Pictures in the material below are to be left out, and only the lines from the line with "INTERNATIONAL LABOUR OFFICE GENEVA" up to and including the line with "Pescados Y Mariscos,comer Sano" are to be written out exactly.

==========

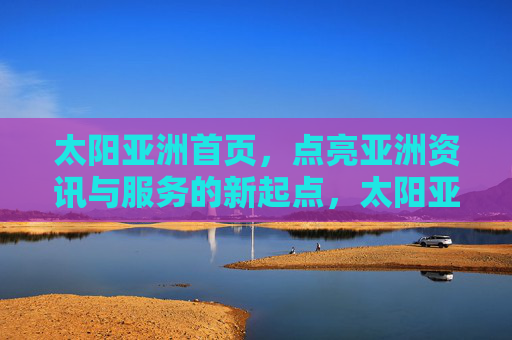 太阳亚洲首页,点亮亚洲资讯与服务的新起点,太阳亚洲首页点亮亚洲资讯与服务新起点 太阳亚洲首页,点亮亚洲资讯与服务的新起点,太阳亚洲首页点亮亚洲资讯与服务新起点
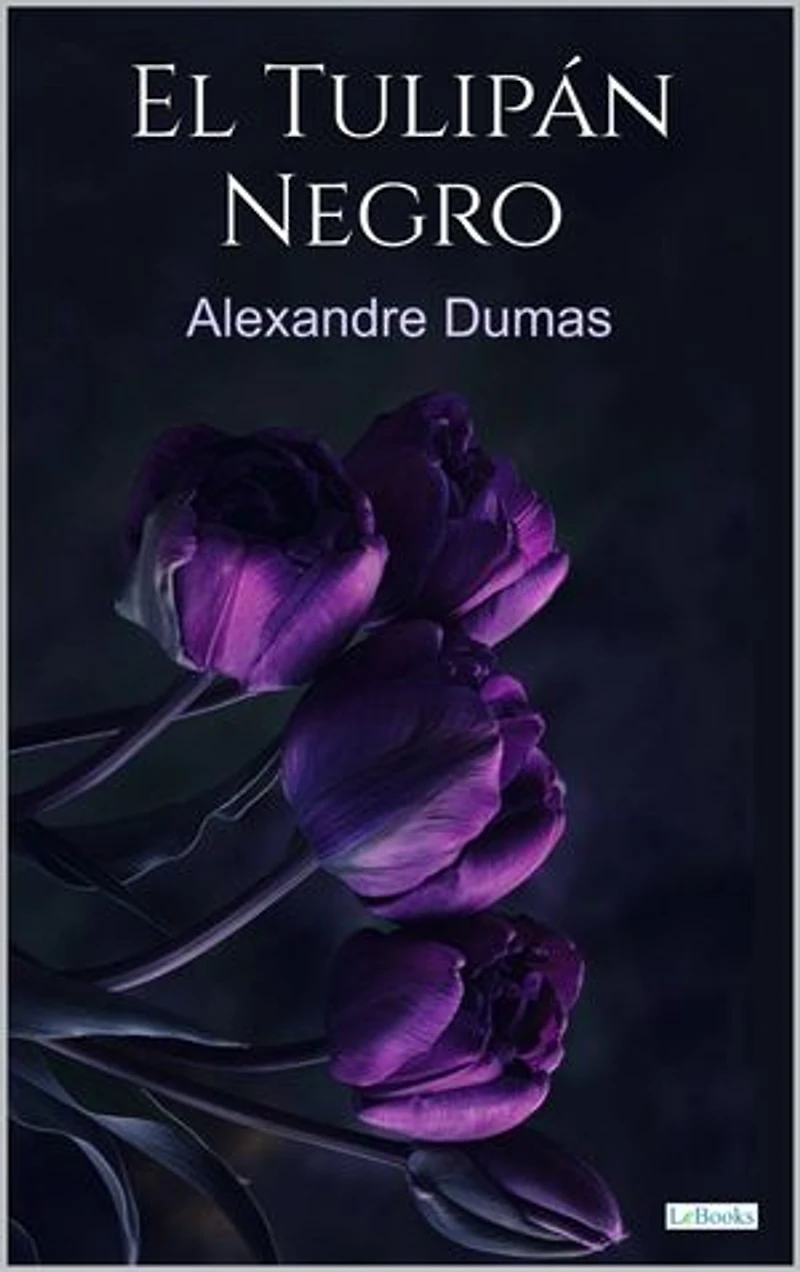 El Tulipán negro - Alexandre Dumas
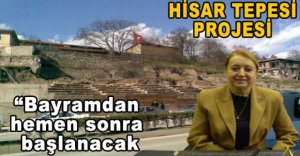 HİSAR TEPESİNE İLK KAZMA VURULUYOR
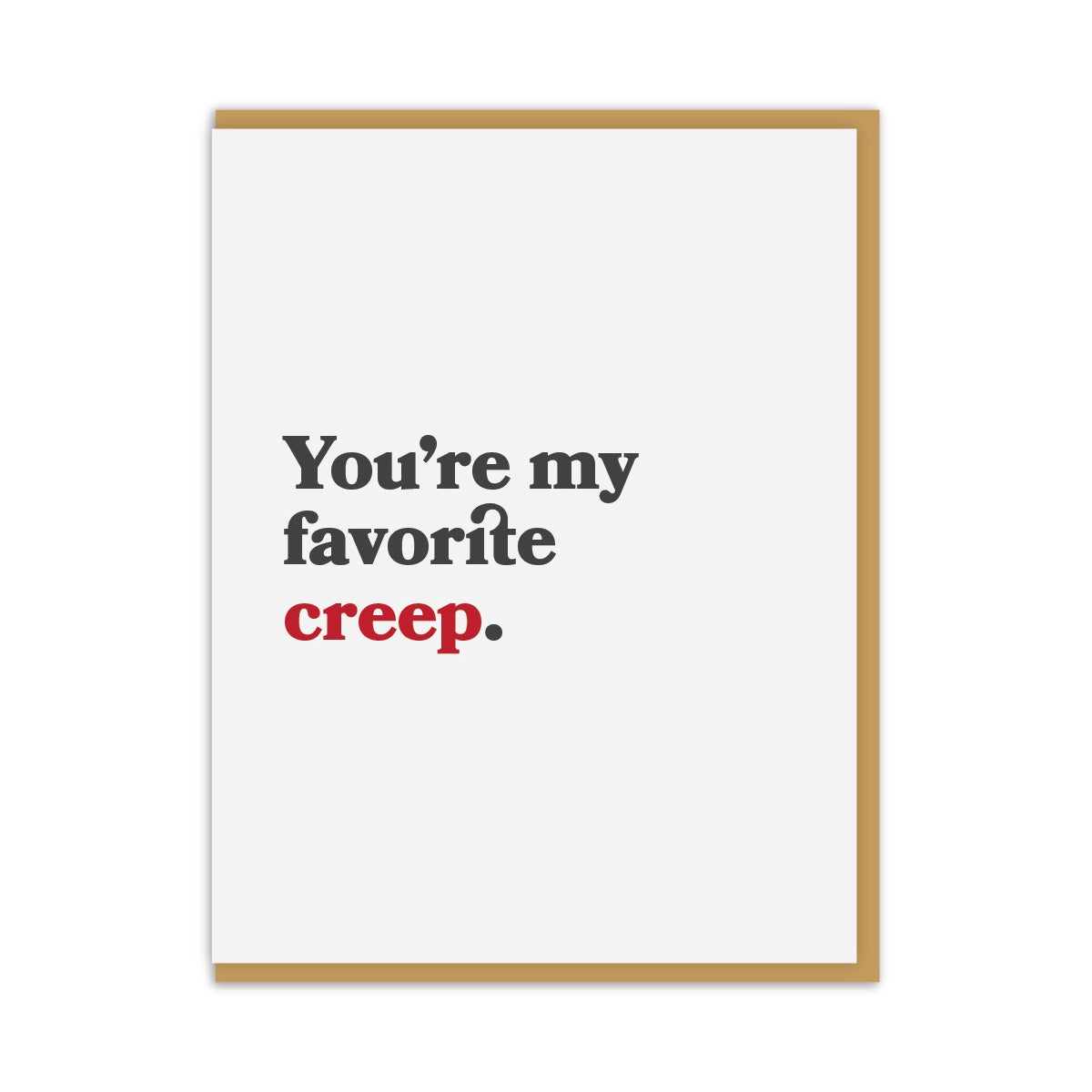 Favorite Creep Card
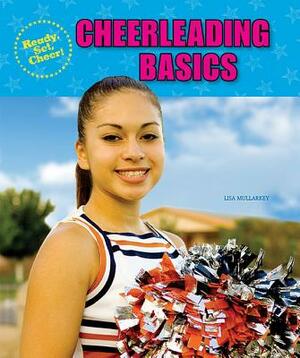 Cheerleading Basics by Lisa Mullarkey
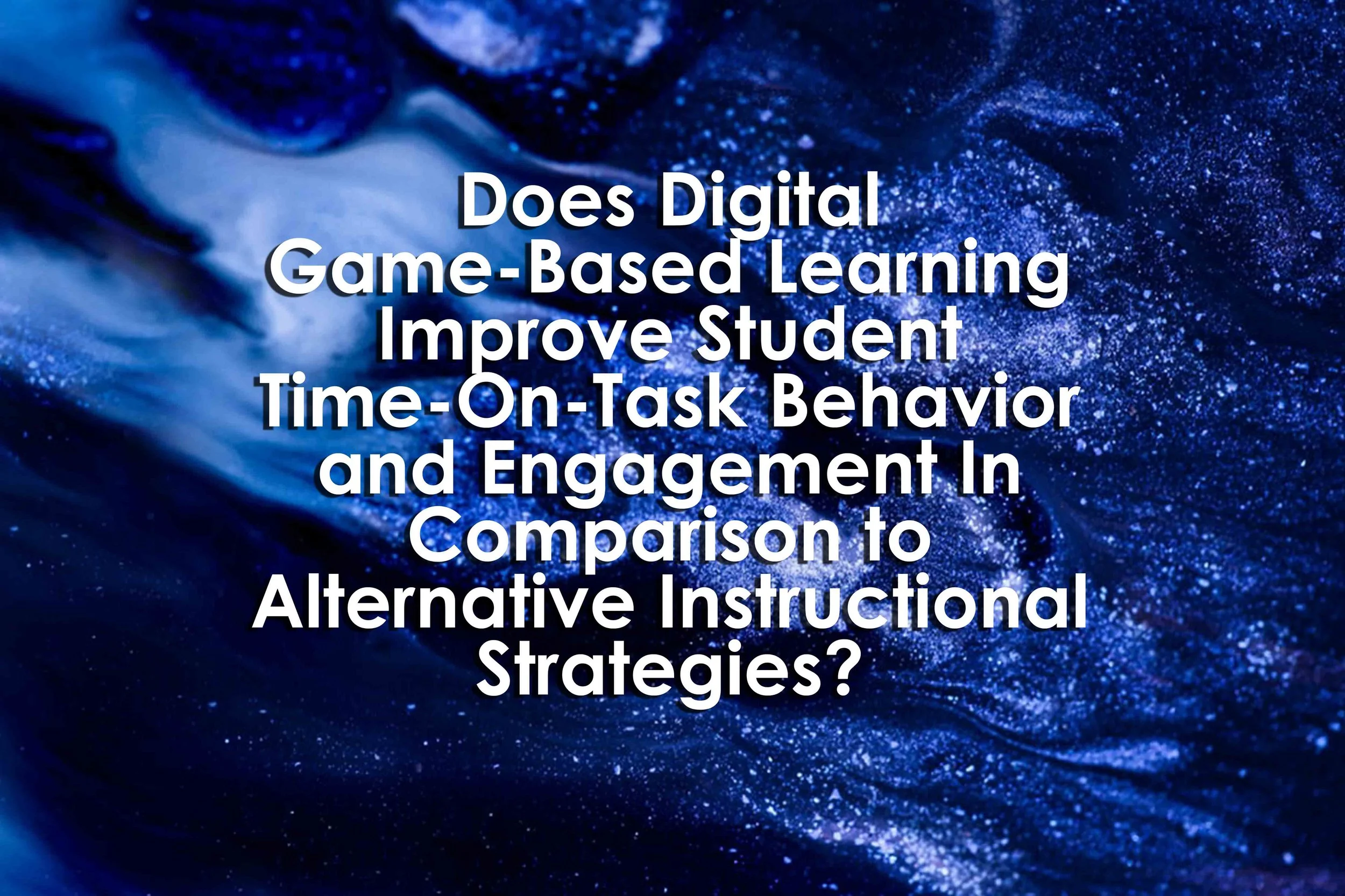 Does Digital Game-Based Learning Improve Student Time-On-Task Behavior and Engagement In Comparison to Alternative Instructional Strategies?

==========

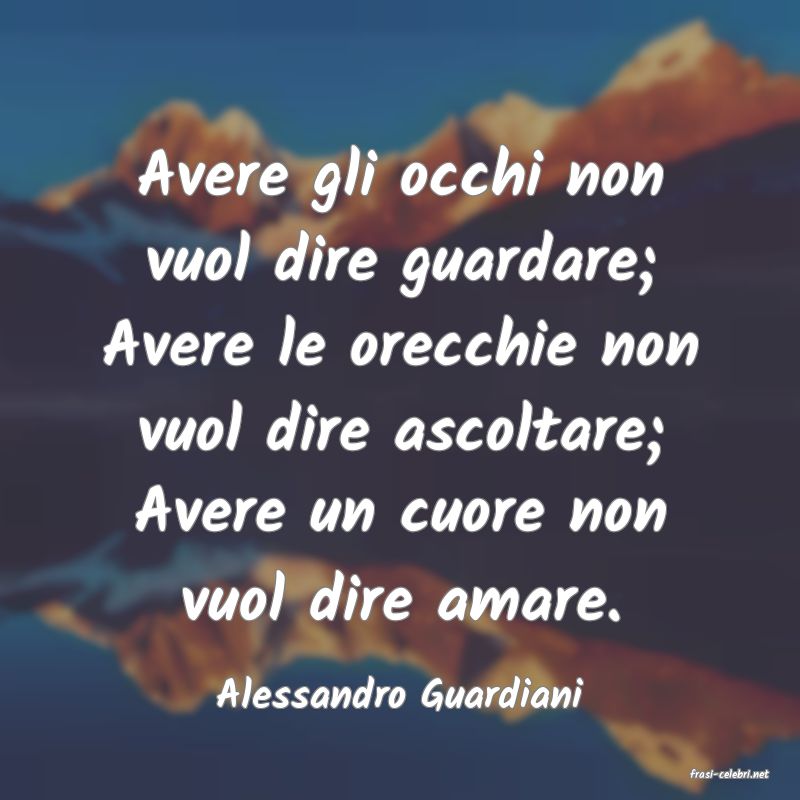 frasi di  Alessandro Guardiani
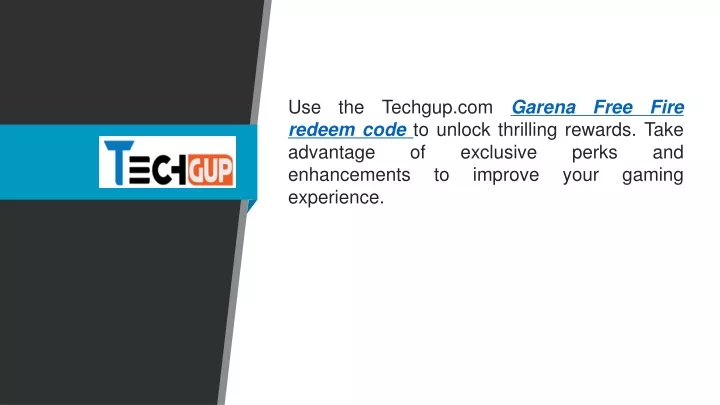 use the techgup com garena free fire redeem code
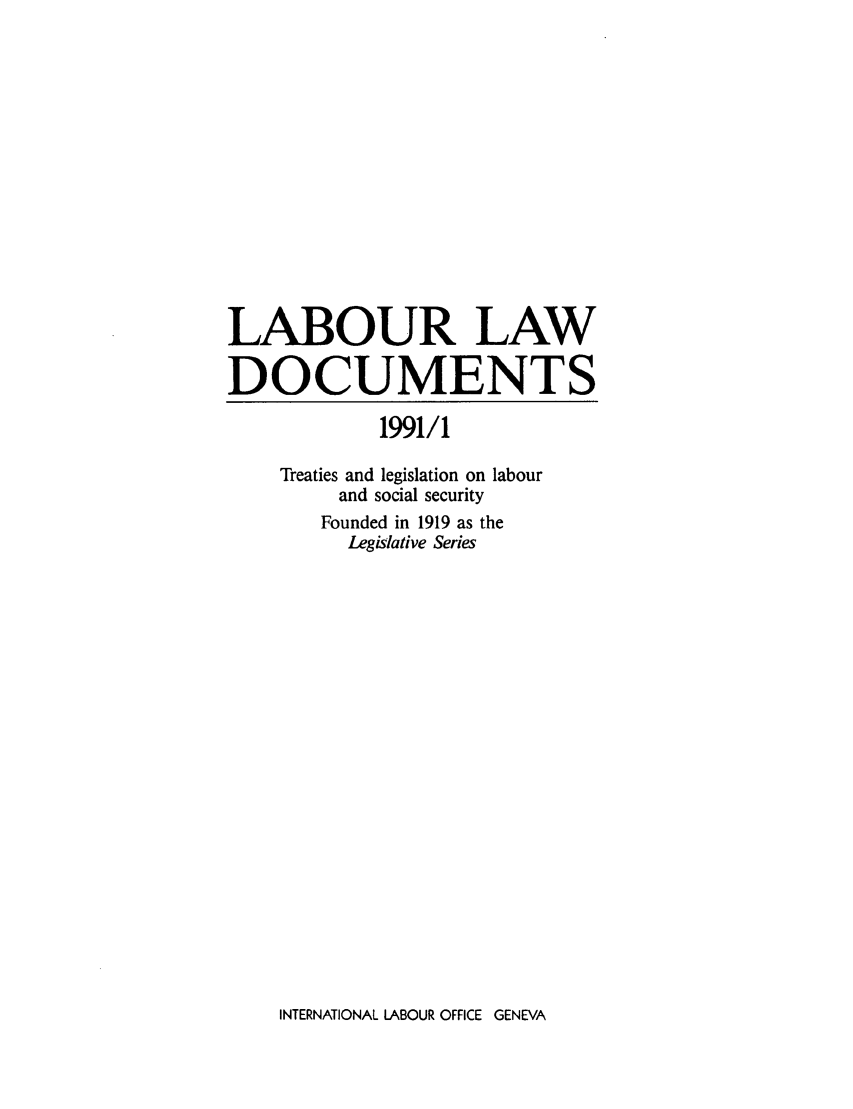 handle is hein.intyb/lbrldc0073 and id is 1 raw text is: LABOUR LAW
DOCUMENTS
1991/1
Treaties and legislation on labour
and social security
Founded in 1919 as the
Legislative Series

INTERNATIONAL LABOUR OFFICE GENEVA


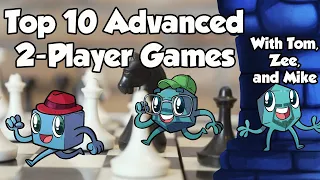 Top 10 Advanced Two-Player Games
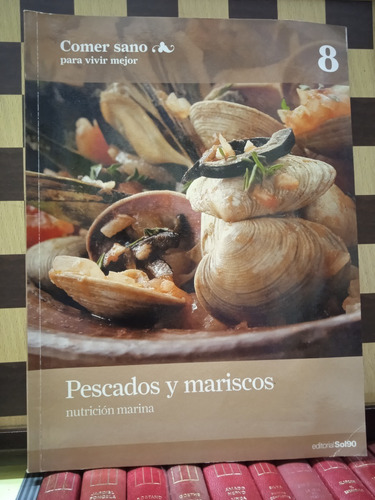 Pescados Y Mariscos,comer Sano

==========

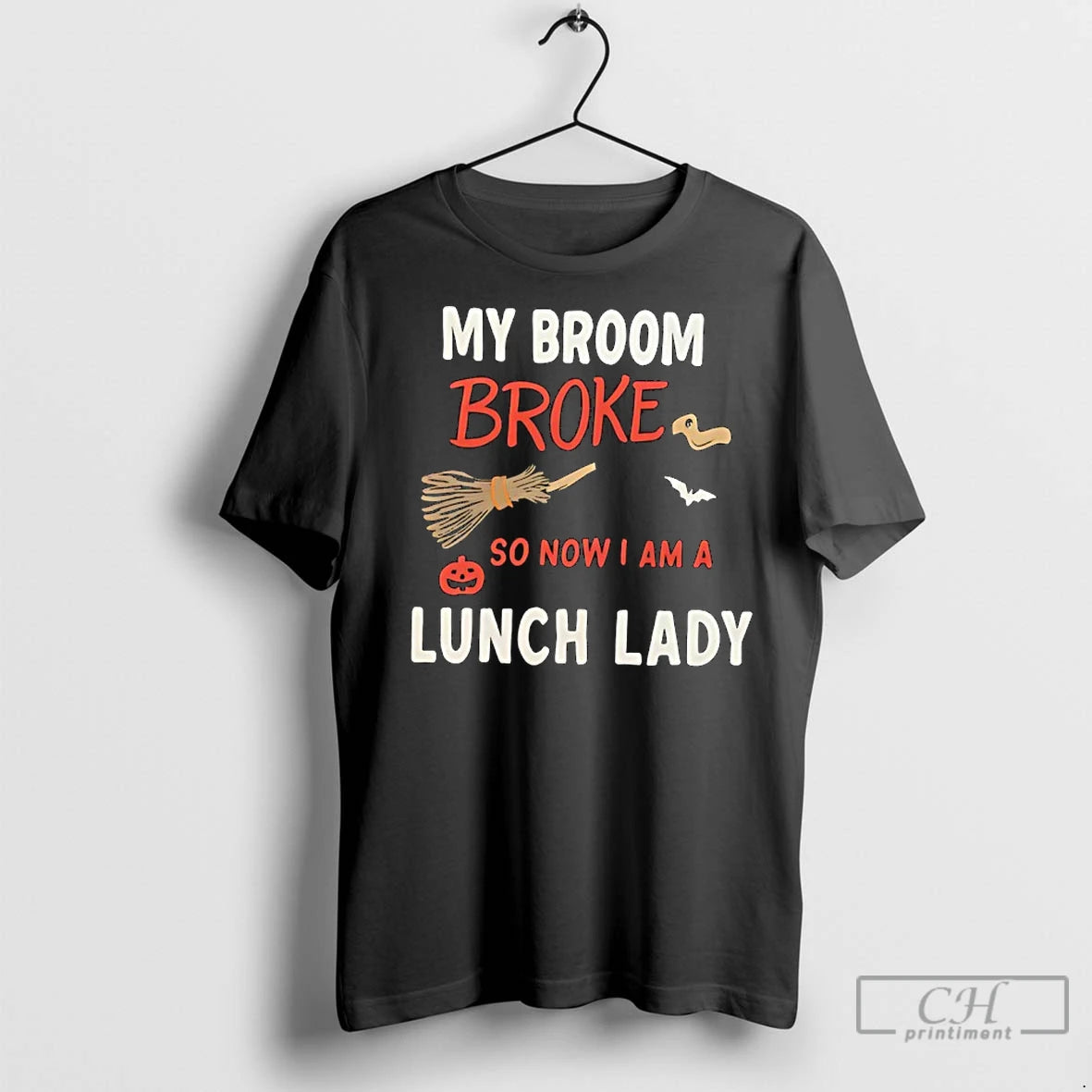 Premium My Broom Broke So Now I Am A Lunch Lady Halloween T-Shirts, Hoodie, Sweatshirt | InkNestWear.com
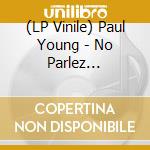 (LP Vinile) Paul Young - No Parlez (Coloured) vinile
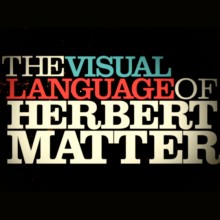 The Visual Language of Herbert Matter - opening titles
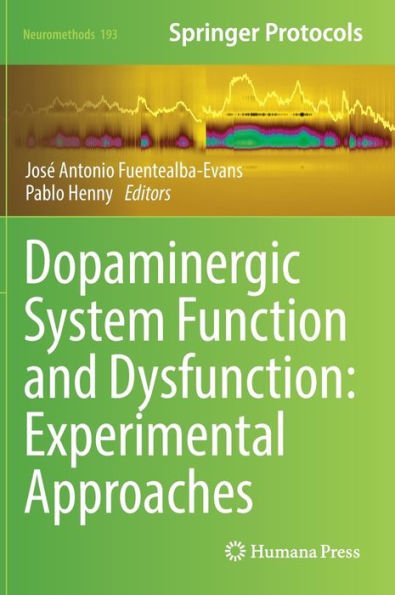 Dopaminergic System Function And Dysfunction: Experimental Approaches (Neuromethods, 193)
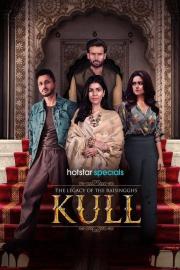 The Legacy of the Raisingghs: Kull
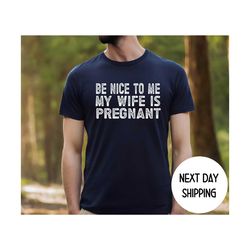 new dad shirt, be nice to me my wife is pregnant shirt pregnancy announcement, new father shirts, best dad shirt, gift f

==========

§ **Output of the task**:
INTERNATIONAL LABOUR OFFICE GENEVA


 Top 10 Advanced Two-Player Games
 Pescados Y Mariscos,comer Sano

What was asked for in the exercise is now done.